*** The data ***

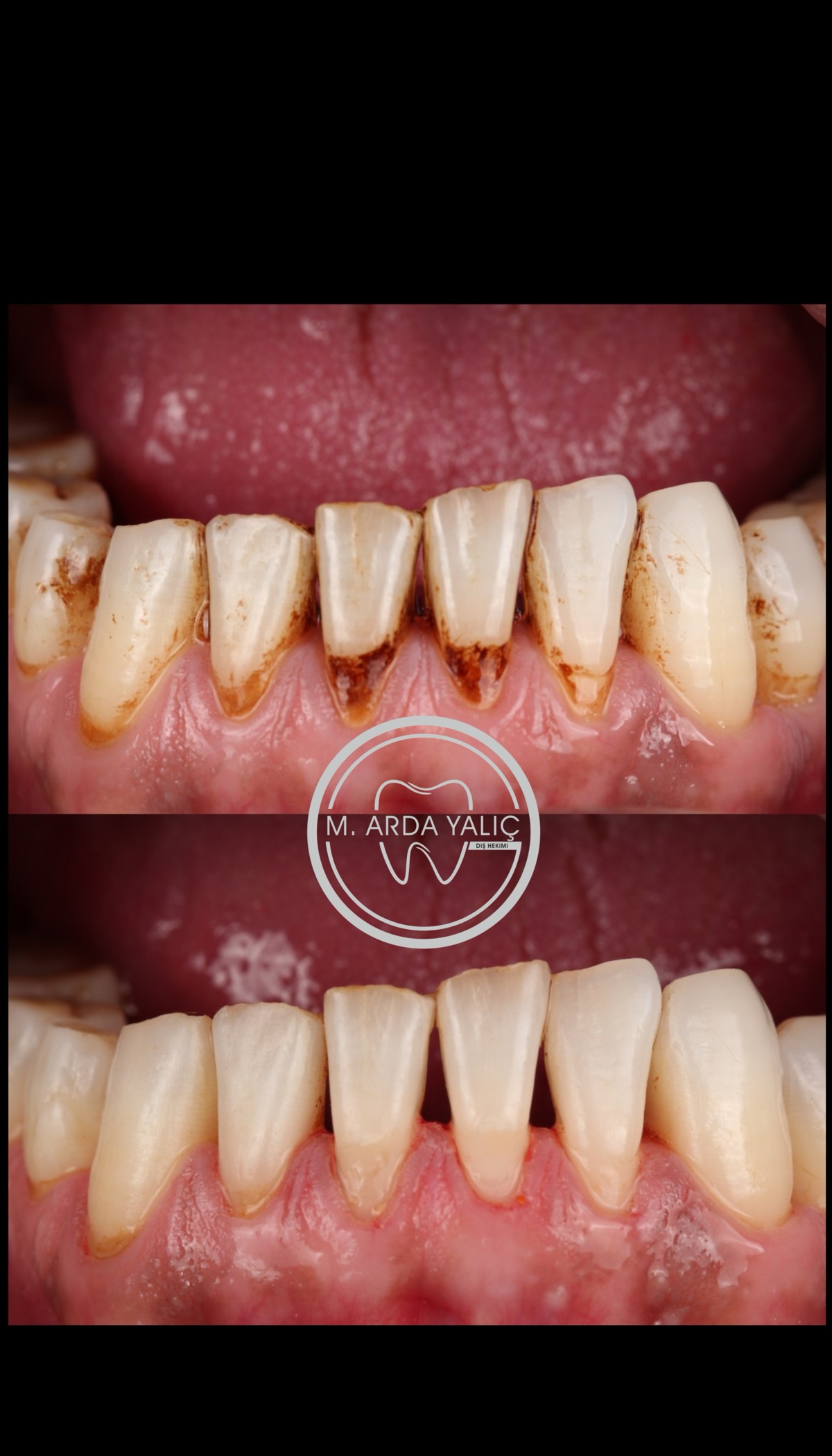 Dental treatment before and after result 34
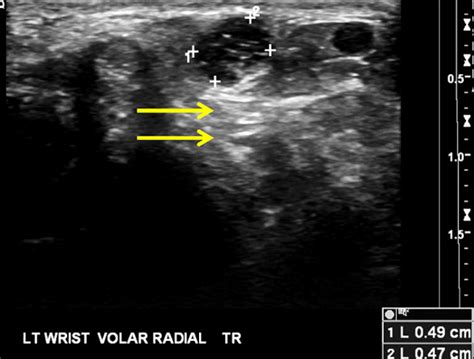 Wrist Ganglion Cysts | Radsource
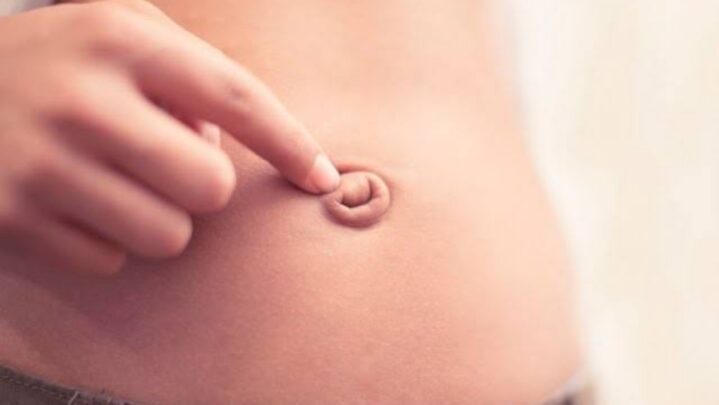 Umbilical Hernia: Causes And Symptoms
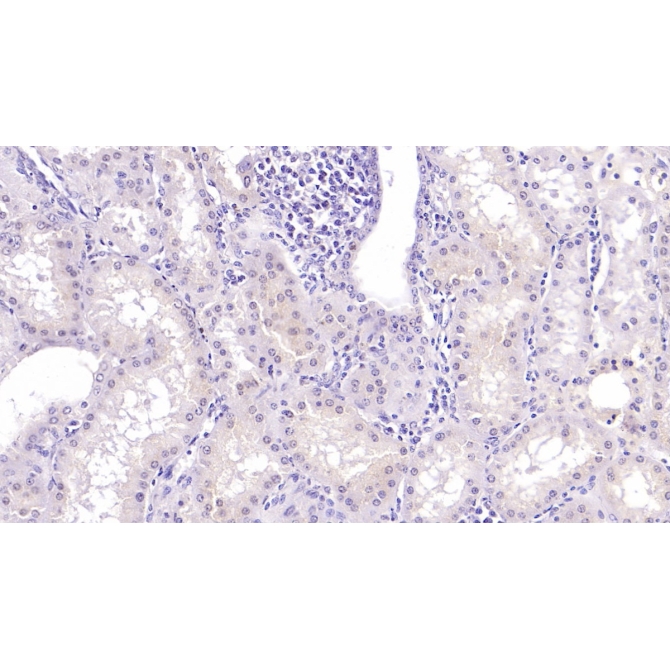 Beta-2-Microglobulin (b2M) Human Monoclonal Antibody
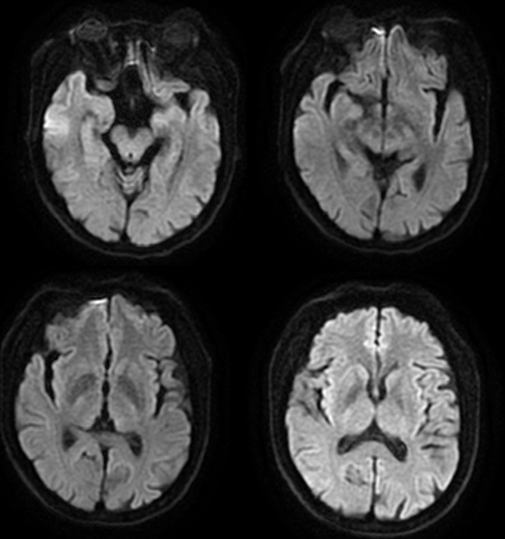 【病例】肝性脑病1例MR影像表现-4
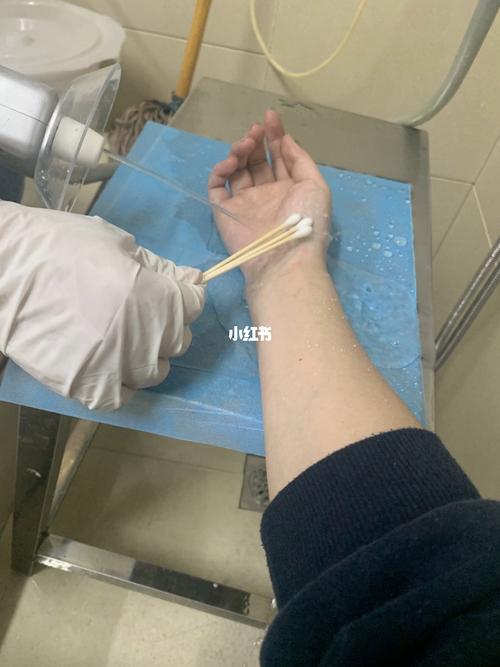 夜里被金毛挠破手去病院打狂犬疫苗记第一次用电子医保卡的我 智能科技 夜里被金毛挠破手去病院打狂犬疫苗记第一次用电子医保卡的我 夜里被金毛挠破手去病院打狂犬疫苗记第一次用电子医保卡的我 智能科技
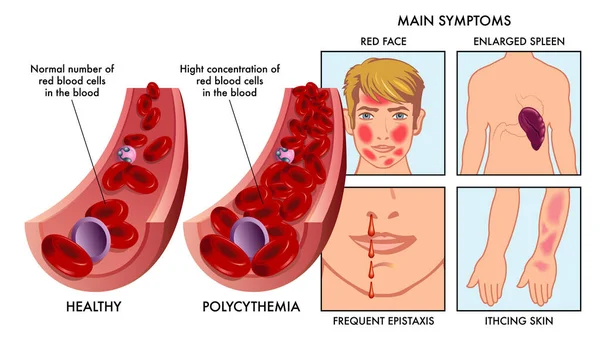 Illustrazione Medica Confronta Arteria Con Numero Normale Globuli Rossi Con — Vettoriale Stock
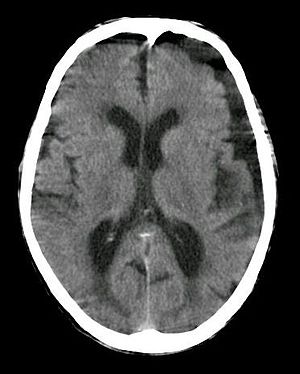 Subdural hygroma, frontal and temporal.jpg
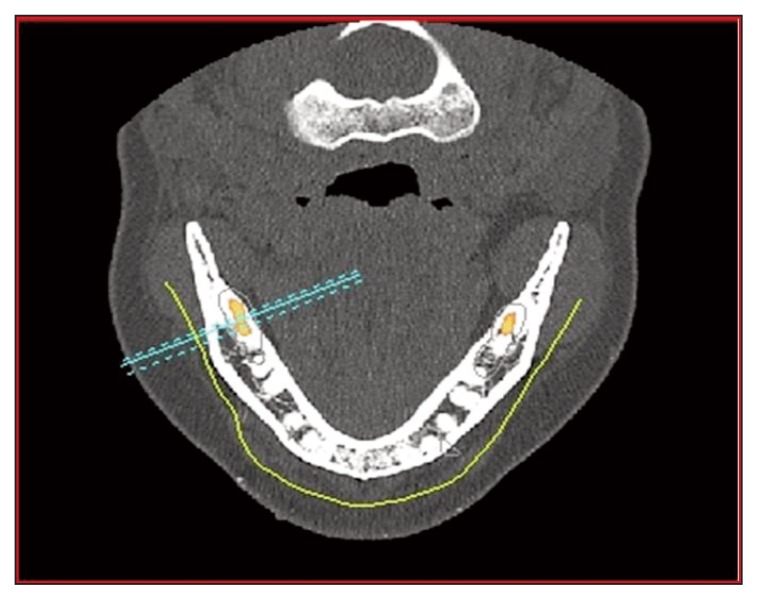 Figure 15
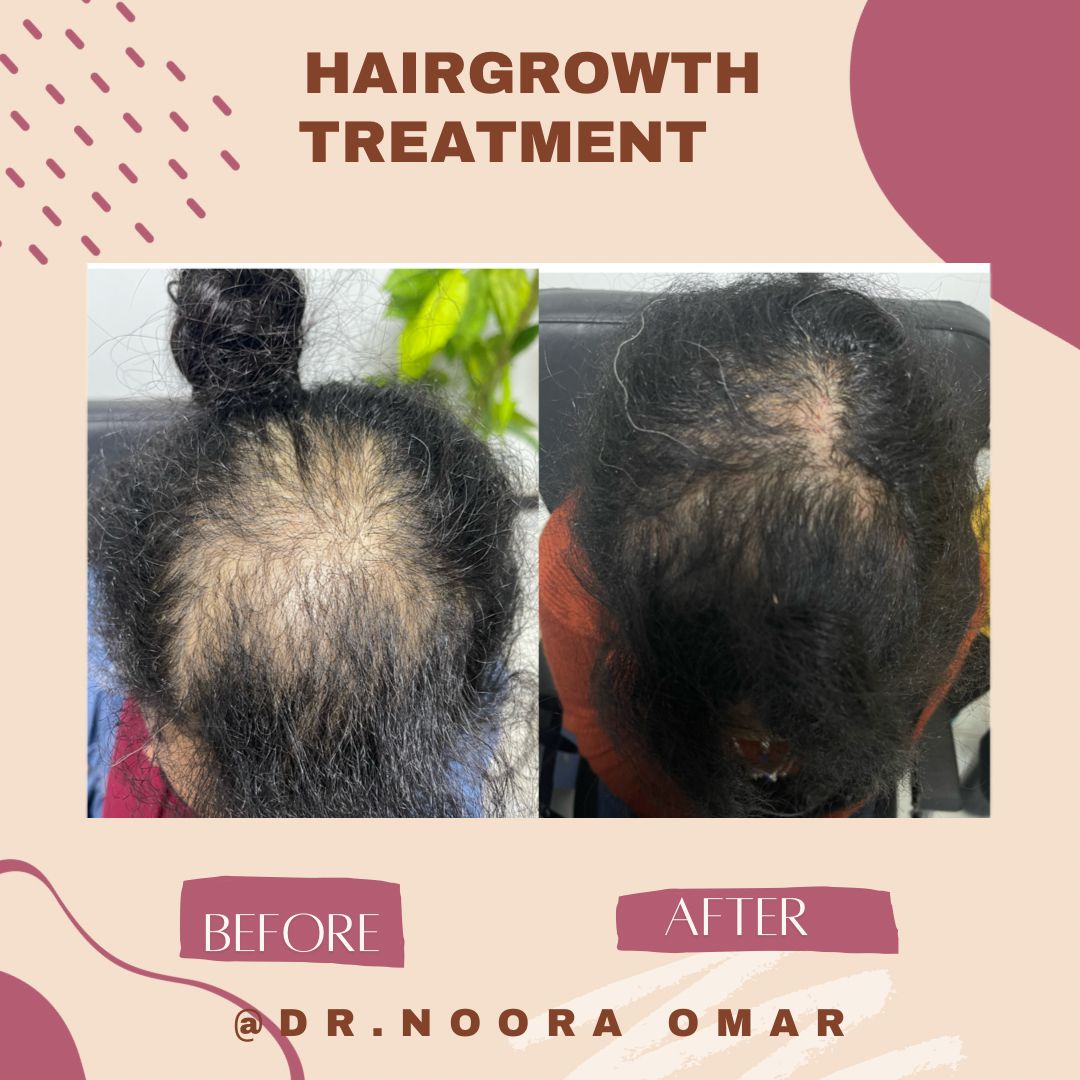 علاج الصلع الوراثي للشعر عيادة النجمة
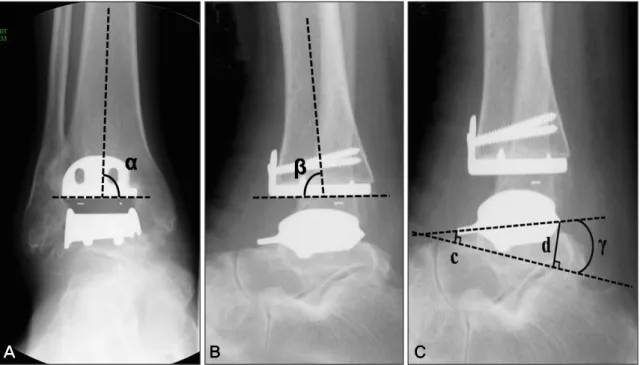 Figure 4. (A), (B) Post-operative radiographs showing the α angle defined as the angle between the anatomical axis of the  tibia and the articulating surface of the tibial component on AP radiograph and the β angle measured in the same way as  the  α angle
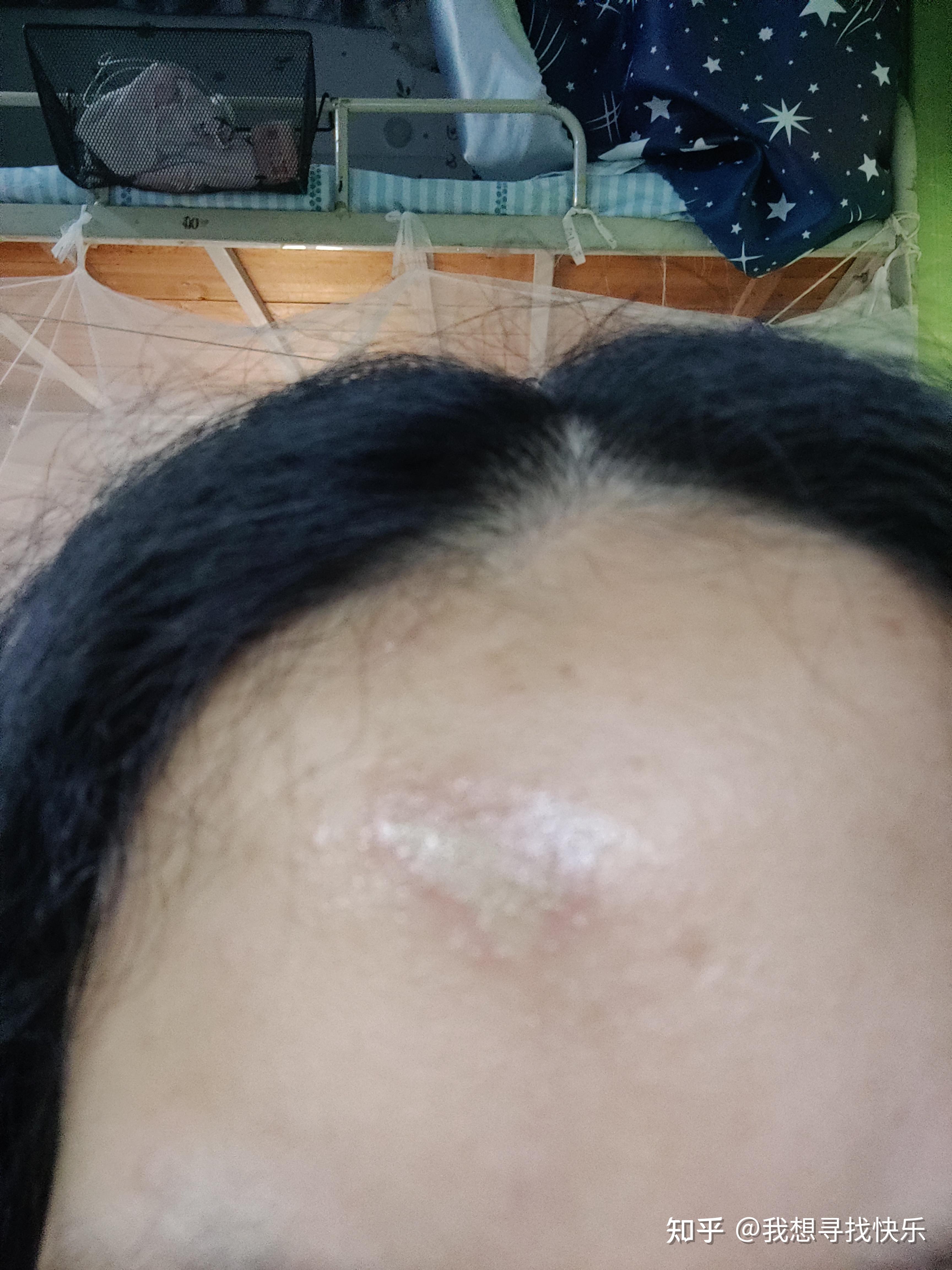 记录一次隐翅虫皮炎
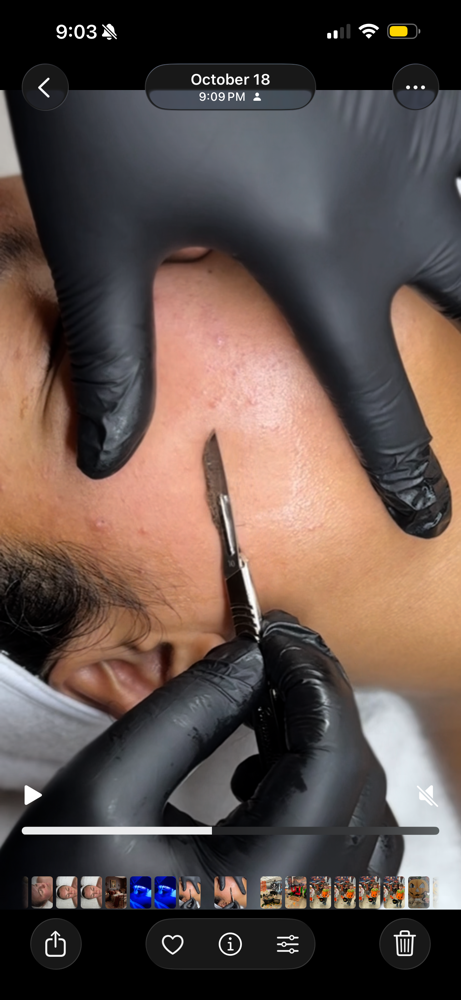 Facial Enhancement-Dermaplaning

*** End of The data ***

● Activity
Please set down the records exactly, and keep every image out of the copy.

● Expected answer
 Dental treatment before and after result 34
 Wrist Ganglion Cysts | Radsource
 Umbilical Hernia: Causes And Symptoms
 Beta-2-Microglobulin (b2M) Human Monoclonal Antibody
 【病例】肝性脑病1例MR影像表现-4
 夜里被金毛挠破手去病院打狂犬疫苗记第一次用电子医保卡的我 智能科技 夜里被金毛挠破手去病院打狂犬疫苗记第一次用电子医保卡的我 夜里被金毛挠破手去病院打狂犬疫苗记第一次用电子医保卡的我 智能科技
 Illustrazione Medica Confronta Arteria Con Numero Normale Globuli Rossi Con — Vettoriale Stock
 Subdural hygroma, frontal and temporal.jpg
 Figure 15
 علاج الصلع الوراثي للشعر عيادة النجمة
 Figure 4. (A), (B) Post-operative radiographs showing the α angle defined as the angle between the anatomical axis of the  tibia and the articulating surface of the tibial component on AP radiograph and the β angle measured in the same way as  the  α angle
 记录一次隐翅虫皮炎
 Facial Enhancement-Dermaplaning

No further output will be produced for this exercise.